Thursday, April 17, 2008

Governed not by envy

"What would an encounter of the gospel with our post-Enlightenment cultured involve for the public arena - the political, economic, and social aspects of our life?" (Foolishness to the Greeks p95)
I think about that question daily. Where are the places that the good news of Christ calls political, economic and social life into question? As I ask the question, I hear the answer, "Everywhere!"

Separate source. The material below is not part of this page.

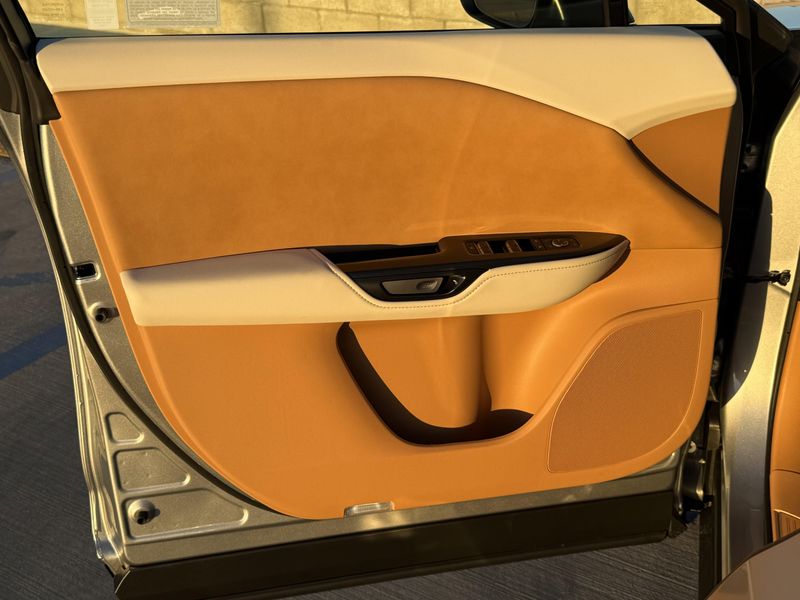 New 2026 Lexus RZ 350eImage 16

Recently I read in Ecclesiastes 4:4
"Then I saw that all toil and all skill in work come from a man's envy of his neighbor. This also is vanity and a striving after wind."
To be born again by the Spirit is to be born to a new reality that is no longer governed by envy. Toil and skill are no longer the servants of envy, but the servants of love. When Christians engage in the economic life of their society, we ought to do so in a way that demonstrates a radically different relationship to work. Our toil and skill should be engaged to love our neighbors as ourselves - to seek their good as ours, rather than to desire their good for ourselves.

To live in this way is to blaspheme Adam Smith's doctrine of the invisible hand. It proclaims that the way the betterment of the public life consists not in each person seeking his own private gain, but in each person seeking the good of his neighbor - and that the miracle of new birth is essential for this reality to take hold. This is our call to conversion, the call to the Kingdom of God.